The Bank of Thailand's Bt50 billion savings bonds are now available, with 3 and 7-year maturity, targeted towards retail investors and non-profit organizations. If you have children, in lieu of savings, you can also buy the savings bond in their name. Investing in savings bonds is not for those who are in search of high risk and high return, but what it does offer is a safe and secure investment in which your principal amount remains guaranteed. Put simply, this is comparable to placing your money in a fixed deposit account; the differences are that the maturity is longer and rather than receiving your interest at the end like a fixed deposit account you get it in quarterly payments (every three months) or semi-annual (twice a year) payments depending upon if you choose the 3-year or 7-year savings bond. This is an added benefit for those who would like to have regular cashflows.

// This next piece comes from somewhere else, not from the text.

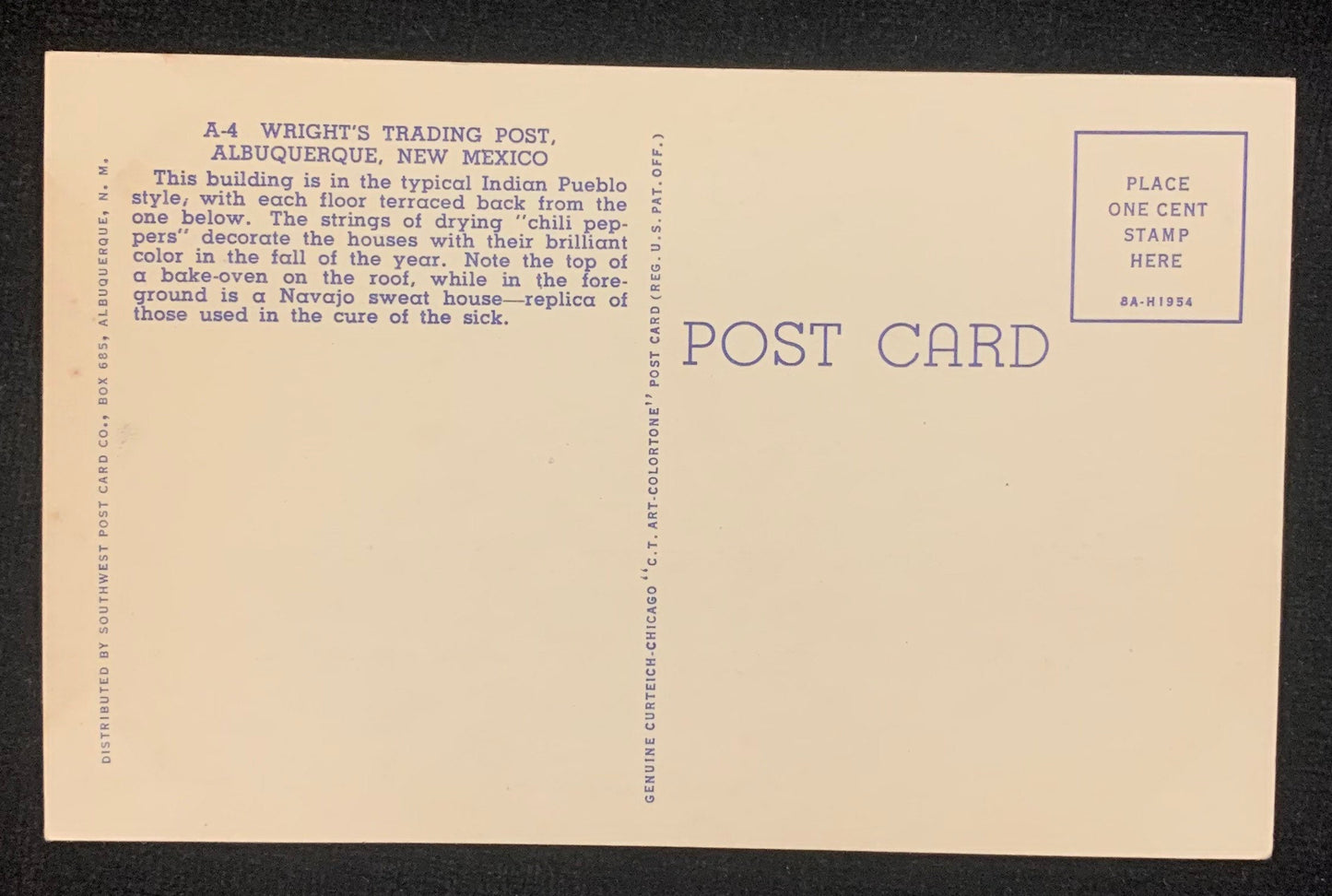 Wright's Trading Post, Albuquerque, New Mexico - Vintage Postcard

"Ok so bonds are safe," you might say, "but I'd rather have my money in savings accounts where I can withdraw them anytime I want." My reply to you is this: although savings bonds are not as flexible as having them in savings accounts, I am sure that there must be a portion of your savings that are lying untouched in your bank account. Since the minimum amount to purchase the Bank of Thailand Savings Bonds is merely Bt50,000, why not dedicate a portion of your savings account to savings bonds? There is no limit on how much you can purchase.
After a minimum holding period of three months for the initial period (i.e. after November 26) you may transfer the bond ownership to someone else. Alternatively, you can sell the savings bond to anyone, banks, or individuals.
Savers earn 1.70 to 2.00 percent for 3-month fixed deposits at the four largest banks and stand to gain nothing if the sum is withdrawn prior to the agreed fixed period. But no penalty is imposed if you sell savings bonds.
Historically, savings bonds offer higher interest rate than fixed deposits. These two tranches of BOT Savings Bonds offer quite attractive rates. The interest rate for the first coupon payment for the 3- year Savings Bond is 3.58125 percent and the step-up interest rate for the 7-year Savings bond ranges from 3.5-5 percent, averaging out to 4.00 percent. Three-year savings bonds are also liken to money market fund, but they do not charge management fees.
Floating against the 3-month BIBOR means that every three months the coupon payment is reset at the market rate which is announced two days prior to the next coupon payment period. You will therefore not lose out on the opportunity to receive market rates. However, if you prefer the certainty of knowing what the rate of interest will be throughout the entire period, then the 7-year Savings Bond with predetermined step-up interest rates is the choice. Of course, as with any investment please use your judgment. If you want high risk, high return then savings bonds are not for you. It is rather a safer alternative where principal repayments are guaranteed. It is indeed an alternative investment that will put your mind at ease amidst the jittery stock markets.
The savings bonds are available until Sept 6. Information is available at the Bank's website www.bot.or.th or visit your nearest bank branch for more information.
Swisa Ariyapruchya is currently senior analyst at the Bank of Thailand and is a graduate of the University of Pennsylvania and SASIN Graduate Institute of Business Administration, Chulalongkorn University.
The opinions expressed in this article are the author’s own and do not necessarily reflect the official opinion of the Bank of Thailand.